Getting to insights is challenging because it requires both the science of data analytics and the art of data storytelling. Data storytelling for insight goes beyond pure data analysis since it involves communication tailored to an audience, such as a decision maker. It also goes beyond pure analysis because it must incorporate factors which the data alone cannot reveal no matter how much analysis is applied, such as idiosyncratic knowledge, uncertainty and even intuition.

The challenge of leveraging big data

A recent report by CapGemini The Rise of Insight Driven Business highlighted the importance of using data analytics and insights for action to drive business growth. Yet in an extensive survey they also found that only 27% of senior executives believed their big data initiatives were successful. The survey highlighted data silos and found that 52% of executives believed the IT development process constrained their ability to quickly create insights.
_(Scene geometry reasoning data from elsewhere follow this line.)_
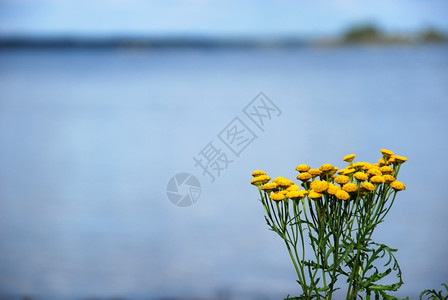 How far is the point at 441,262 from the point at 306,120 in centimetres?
423

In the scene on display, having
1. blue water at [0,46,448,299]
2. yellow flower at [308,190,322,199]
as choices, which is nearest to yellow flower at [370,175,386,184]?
yellow flower at [308,190,322,199]

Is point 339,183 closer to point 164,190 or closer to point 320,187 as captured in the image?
point 320,187

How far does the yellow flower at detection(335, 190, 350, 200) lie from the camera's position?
128cm

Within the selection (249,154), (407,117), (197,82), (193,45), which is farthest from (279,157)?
(193,45)

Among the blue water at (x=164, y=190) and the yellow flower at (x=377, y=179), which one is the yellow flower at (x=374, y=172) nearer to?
the yellow flower at (x=377, y=179)

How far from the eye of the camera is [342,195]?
1284mm
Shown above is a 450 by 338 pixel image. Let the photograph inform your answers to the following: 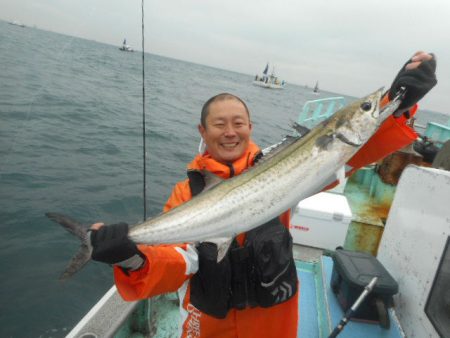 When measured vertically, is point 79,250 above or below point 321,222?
above

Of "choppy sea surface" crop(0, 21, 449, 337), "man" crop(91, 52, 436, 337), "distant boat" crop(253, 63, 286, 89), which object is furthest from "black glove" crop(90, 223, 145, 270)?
"distant boat" crop(253, 63, 286, 89)

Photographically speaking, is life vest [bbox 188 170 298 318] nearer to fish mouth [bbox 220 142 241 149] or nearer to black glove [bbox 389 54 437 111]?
fish mouth [bbox 220 142 241 149]

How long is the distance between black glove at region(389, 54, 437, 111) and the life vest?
4.83ft

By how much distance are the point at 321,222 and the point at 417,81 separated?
362cm

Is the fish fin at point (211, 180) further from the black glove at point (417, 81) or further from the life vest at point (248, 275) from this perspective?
the black glove at point (417, 81)

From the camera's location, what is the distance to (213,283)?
3012 mm

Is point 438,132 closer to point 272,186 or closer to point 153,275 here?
point 272,186

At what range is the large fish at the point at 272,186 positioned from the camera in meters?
2.59

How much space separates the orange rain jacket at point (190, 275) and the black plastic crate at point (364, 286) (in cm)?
111

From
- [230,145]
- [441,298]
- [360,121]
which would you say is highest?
[360,121]

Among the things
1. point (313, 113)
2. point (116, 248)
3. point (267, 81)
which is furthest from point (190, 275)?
point (267, 81)

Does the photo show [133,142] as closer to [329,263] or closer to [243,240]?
[329,263]

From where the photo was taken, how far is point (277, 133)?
2880 centimetres

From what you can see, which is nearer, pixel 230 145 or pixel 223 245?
pixel 223 245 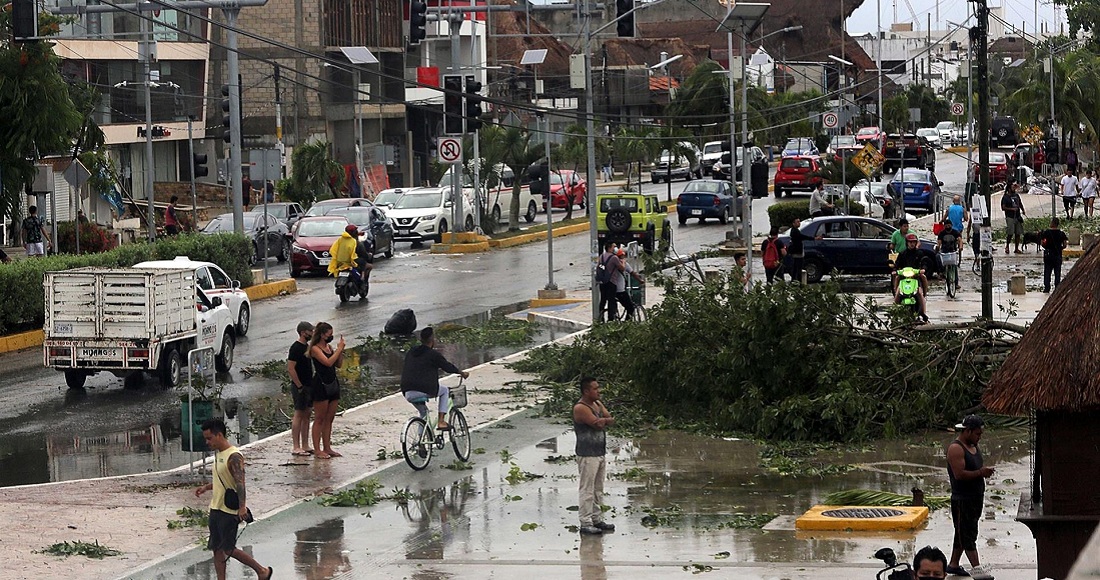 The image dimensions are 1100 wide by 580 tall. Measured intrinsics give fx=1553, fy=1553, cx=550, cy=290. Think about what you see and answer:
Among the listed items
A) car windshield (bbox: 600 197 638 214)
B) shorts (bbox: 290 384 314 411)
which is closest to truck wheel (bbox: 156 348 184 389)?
shorts (bbox: 290 384 314 411)

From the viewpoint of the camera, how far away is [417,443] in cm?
1731

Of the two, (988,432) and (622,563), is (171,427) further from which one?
(988,432)

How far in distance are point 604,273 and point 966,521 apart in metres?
16.6

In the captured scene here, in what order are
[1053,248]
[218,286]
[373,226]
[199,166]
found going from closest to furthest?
[218,286] → [1053,248] → [373,226] → [199,166]

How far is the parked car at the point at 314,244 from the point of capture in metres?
39.9

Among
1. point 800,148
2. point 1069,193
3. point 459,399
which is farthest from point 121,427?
point 800,148

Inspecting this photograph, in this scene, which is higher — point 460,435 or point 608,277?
point 608,277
Of course, it is not data or technology alone that constrains insight, but the inability to find the right people who are able to leverage it. As KMPG found in their global 2015 CIO Survey, 36% of technology leaders suffer from a shortage of big data analytics skills, higher than any other function asked about, and also high on the list, 29% say they are short of business analysis skills.

Clearly getting from data to insights is not easy and needs investment in technology and people. But can the lack of investment alone fully explain why organisations are struggling to create data driven businesses? What happens when you have the data and the systems in place, but the actionable insight still feels thin on ground?

Telling stories with data

As Google have reminded us, data analysis is not about graphics and visualisations, it is about telling a story. This means identifying the audience and speaking to their aspirations and concerns. Too many data analysts and analytic platforms create more information from data without clear direction as to precisely why the recipient, the decision maker, should be interested, and what they should do with it.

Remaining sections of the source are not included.